Data entries:

=== Section Start ===

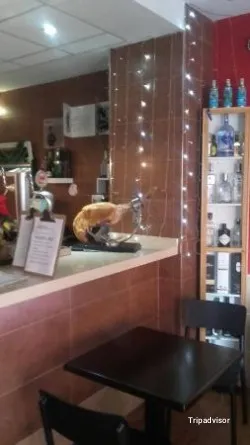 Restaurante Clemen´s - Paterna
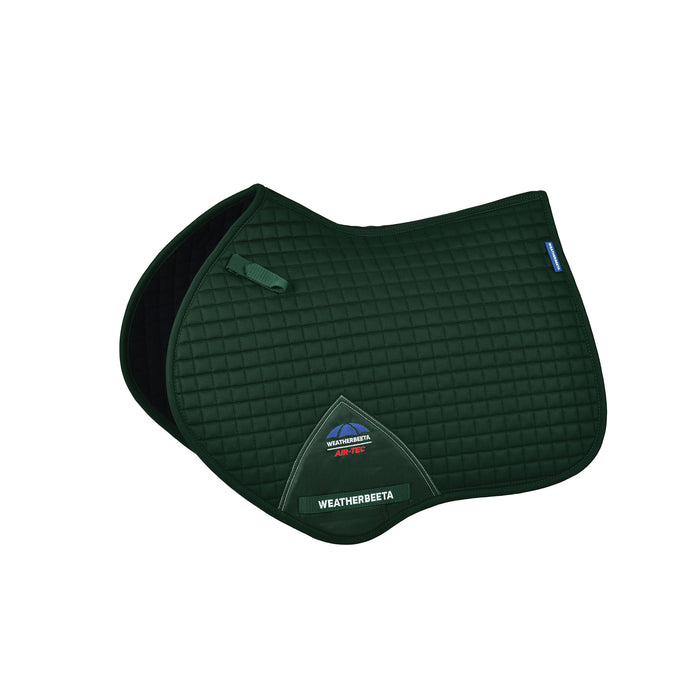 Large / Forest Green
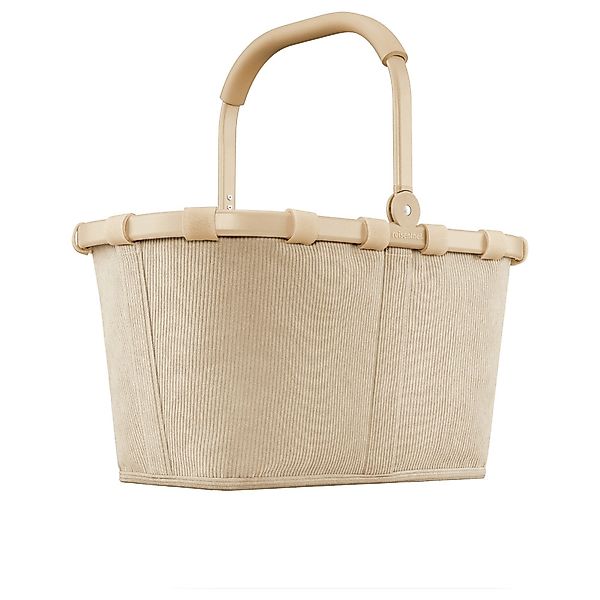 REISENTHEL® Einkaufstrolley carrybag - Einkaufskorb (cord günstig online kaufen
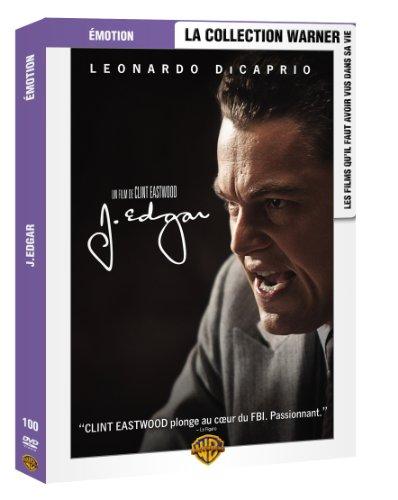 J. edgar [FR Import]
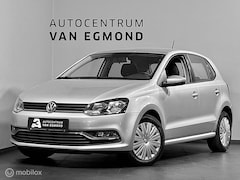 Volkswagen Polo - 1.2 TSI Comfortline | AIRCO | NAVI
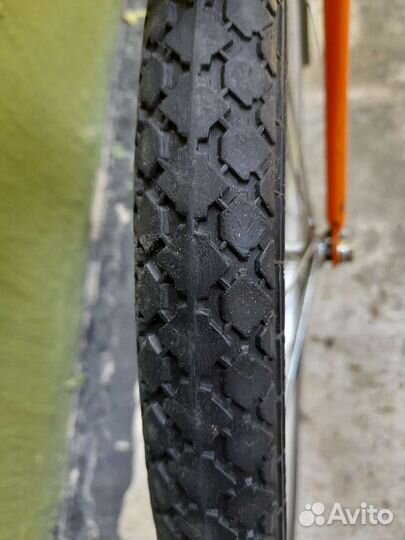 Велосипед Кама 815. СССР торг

=== Section End ===
=== Section Start ===

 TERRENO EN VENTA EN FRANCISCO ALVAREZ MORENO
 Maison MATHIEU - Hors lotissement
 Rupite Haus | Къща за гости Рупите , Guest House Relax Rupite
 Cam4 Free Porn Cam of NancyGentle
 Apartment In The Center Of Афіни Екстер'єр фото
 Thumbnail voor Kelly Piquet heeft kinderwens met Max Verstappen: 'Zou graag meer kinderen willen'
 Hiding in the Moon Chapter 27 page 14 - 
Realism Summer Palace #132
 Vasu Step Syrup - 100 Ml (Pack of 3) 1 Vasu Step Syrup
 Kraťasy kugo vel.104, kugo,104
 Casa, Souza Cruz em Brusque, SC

=== Section End ===

#### Exercise brief:
Reproduce the data above exactly, but only from the line containing "REISENTHEL® Einkaufstrolley carrybag" through the line containing "Велосипед Кама 815. СССР торг"; skip the pictures.

#### Reply:
 REISENTHEL® Einkaufstrolley carrybag - Einkaufskorb (cord günstig online kaufen
 J. edgar [FR Import]
 Volkswagen Polo - 1.2 TSI Comfortline | AIRCO | NAVI
 Велосипед Кама 815. СССР торг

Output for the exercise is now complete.